In previous years, we used a particle filter to track the three-dimensional robot pose \((x, y, \theta )\) on the field, in which orientation is reset when the robot falls down. The particles are probabilistically updated using a motion model based on the odometry of the robot and yaw angle based on inertial measurement, as well as vision information that takes into account pre-specified positions of landmarks such as goal posts, lines and corners.

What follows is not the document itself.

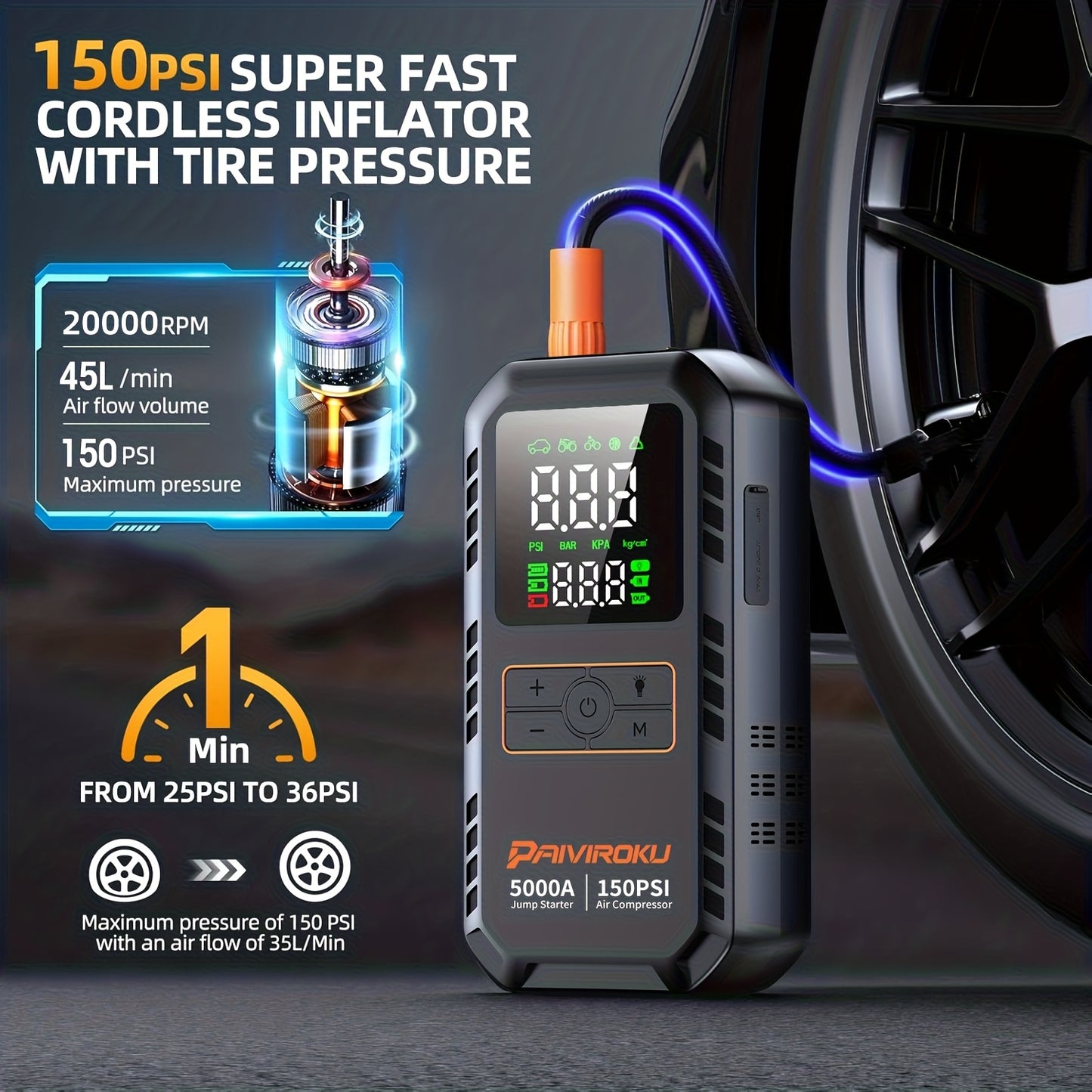 7-in-1 Portable Jump Starter with Air Compressor, 150 PSI Air Pump for Car Tires, 5000A Peak Jump Starter for Car (7.0LGas/1.59gal Diesel), LCD Display, LED Flashlight and Emergency Light, QC3.0 Fast Charging Portable Power B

This year we could further simplify this framework due to the uniqueness of the AdultSize league: the robot always starts at exactly the same initial position. It is never supposed to fall down, and each trial has quite a short time limit of 90 s. This makes the inertial tracking of the robot heading angle \(\theta \) very precise during the match, so we assume that the current estimate of heading direction is correct. Then we discard the distance information from goalpost observations, which can be quite noisy for distant goalposts, to handle the redundant information. This simplification greatly helped the localization during the whole competition, where the localization error was hardly visible.

6 High Level Behavior

According to the current RoboCup Humanoid AdultSize league rules, the attacking robot is only allowed to score after crossing the centerline. The attack ends if the attacking robot touches the obstacle or the kicked ball stops inside the penalty box. So the best tactic for the attacking robot is to move the ball to just cross the centerline and powerfully kick the ball to score. We have used a discrete search tree that evaluates possible kick paths that considers obstacles, the border distance and goal angle. Due to the newly introduced grass covered surface, kick power has decreased significantly and we have found that our old planner often guides the robot into narrow openings between two obstacles. We have increased the penalization term for obstacles to prevent this issue, which made the robot move the ball to a less populated area before trying the big kick. Figure 9 shows an example of a global plan that avoids both obstacles.

Fig. 9.
figure 9

An example of high level kick planning.

7 Results

We have found that the new version of the THOR robot with new heel strike toe off walk controller can reliably walk over the new grass covered soccer field without any issues. The higher friction of the surface rendered our old kicks much weaker. We have utilized the hybrid walk controller which also uses joint level target trajectories to make the kick harder while being tightly integrated with a walk engine. To make up for a weaker kick, we have increased the maximum stride length to 40 cm, which allowed the robot to try up to four kicks to score within the time limit of 90 s. As the AdultSize league has only one attacking robot on the field, our vision algorithm had no problem differentiating various localization cues of the same color. Throughout the matches, the new hierarchical planner reliably found good kick sequences that lead to scores.

8 Conclusions

In this work, we described our methods for executing soccer tasks on a general purpose full sized humanoid robot for the RoboCup 2015 competition. To overcome the new challenges of the 2015 rule changes, we utilized a heel strike toe off walk controller to improve ground clearance for the swing foot and a new hybrid kick controller to compensate for the kick distance loss due to the high friction of the surface. We also present the vision and planning systems we developed for the RoboCup competition, which worked robustly throughout the competition.